The European Commission has adopted a plan to alter the rules intended to control budget deficits in order to improve the way they work and their credibility.
Outgoing commission president Romano Prodi said the Stability and Growth Pact, which ties EU economies together with budget rules and limits, was vital for the stability of the euro but had to be made more intelligent.
He said the commission had a duty to reach greater coherence and coordination between the twins targets of price stability and developing the European economy's growth potential.
The commission's proposals are intended to overcome a crisis caused by persistent breaches of the 3% of gross domestic product deficit limits by France and Germany and a refusal by EU finance ministers to press penalty procedures against them.
The new interpretation would stress the importance of controlling debt, as well as deficits, and would increase pressure on countries to switch from deficit to surplus in times of economic growth.
The commission said it was proposing to take greater account of what it called the viability of public accounts and of the diversity of economic conditions in the euro zone.
The objective was to strengthen the economic basis of the pact while improving the way it was applied and its credibility, the commission continued.
The plan introduced increased economic logic into the way the pact was applied while also strengthening effective application, Economic Affairs Commissioner Joaquin Almunia said. He described the proposed changes as an evolution rather than a reform.

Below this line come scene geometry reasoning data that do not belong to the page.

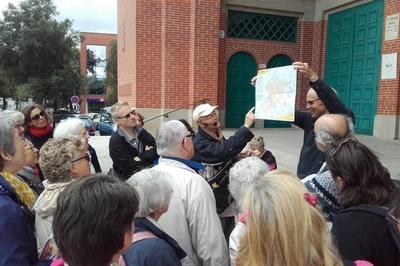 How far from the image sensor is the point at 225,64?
13.2m

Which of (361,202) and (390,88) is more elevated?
(390,88)

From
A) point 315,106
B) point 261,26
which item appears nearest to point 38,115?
point 315,106

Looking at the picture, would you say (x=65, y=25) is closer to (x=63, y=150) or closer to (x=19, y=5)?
(x=19, y=5)

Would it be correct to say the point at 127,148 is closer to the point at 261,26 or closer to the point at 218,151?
the point at 218,151

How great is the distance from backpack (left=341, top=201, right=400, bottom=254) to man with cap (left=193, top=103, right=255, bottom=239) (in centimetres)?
141

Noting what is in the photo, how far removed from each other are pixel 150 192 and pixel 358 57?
434 inches

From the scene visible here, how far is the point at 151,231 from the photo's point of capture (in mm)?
1939

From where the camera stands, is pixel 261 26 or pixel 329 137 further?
pixel 261 26

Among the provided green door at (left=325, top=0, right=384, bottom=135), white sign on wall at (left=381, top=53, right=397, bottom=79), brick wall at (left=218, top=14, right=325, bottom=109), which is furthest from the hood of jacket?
brick wall at (left=218, top=14, right=325, bottom=109)

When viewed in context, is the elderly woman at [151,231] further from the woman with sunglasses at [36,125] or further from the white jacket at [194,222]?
the woman with sunglasses at [36,125]

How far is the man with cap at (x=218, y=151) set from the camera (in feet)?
10.7

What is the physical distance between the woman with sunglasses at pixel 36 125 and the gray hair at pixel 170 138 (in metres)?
2.23

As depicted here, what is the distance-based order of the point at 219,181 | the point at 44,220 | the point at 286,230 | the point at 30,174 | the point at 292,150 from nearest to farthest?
the point at 286,230, the point at 44,220, the point at 30,174, the point at 219,181, the point at 292,150

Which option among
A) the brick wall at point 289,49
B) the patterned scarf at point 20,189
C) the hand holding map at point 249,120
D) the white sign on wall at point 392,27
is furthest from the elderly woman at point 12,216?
the brick wall at point 289,49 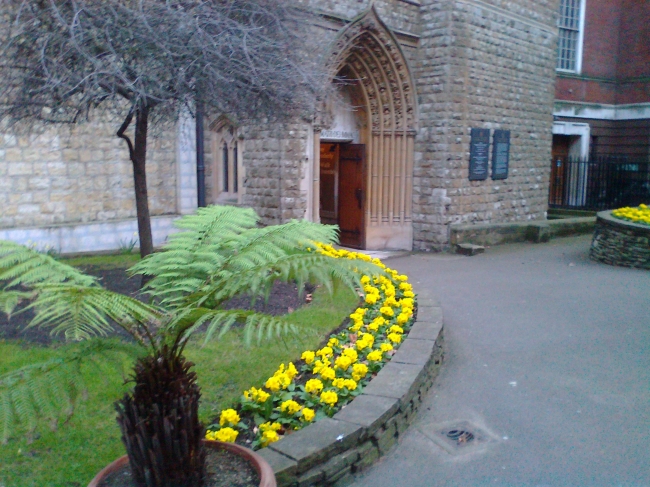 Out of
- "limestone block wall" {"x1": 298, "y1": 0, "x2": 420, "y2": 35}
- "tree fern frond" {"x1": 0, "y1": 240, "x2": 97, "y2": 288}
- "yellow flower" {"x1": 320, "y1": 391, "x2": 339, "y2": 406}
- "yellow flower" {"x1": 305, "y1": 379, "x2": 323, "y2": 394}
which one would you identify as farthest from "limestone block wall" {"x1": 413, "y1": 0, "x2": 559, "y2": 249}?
"tree fern frond" {"x1": 0, "y1": 240, "x2": 97, "y2": 288}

A key point of the plan is to increase the focus on countries' medium and long-term debt. Increased attention would be also given to the situation of each country in defining the target of a balanced budget.
And in applying the so-called excessive deficit procedure against countries heading for a breach of overspending limits, the commission would take greater account of the effect of exceptionally weak growth.
Under the way the pact works now, a country may invoke exceptional circumstances causing excessive deficits only in times of recession. The plan is to be put before euro zone finance ministers in The Hague on September 10.
In June, the commission began to review the way the pact works because of a crisis sparked by a finance ministers' decision in November that effectively suspended sanctions against France and Germany for running public deficits persistently in excess of the 3% ceiling.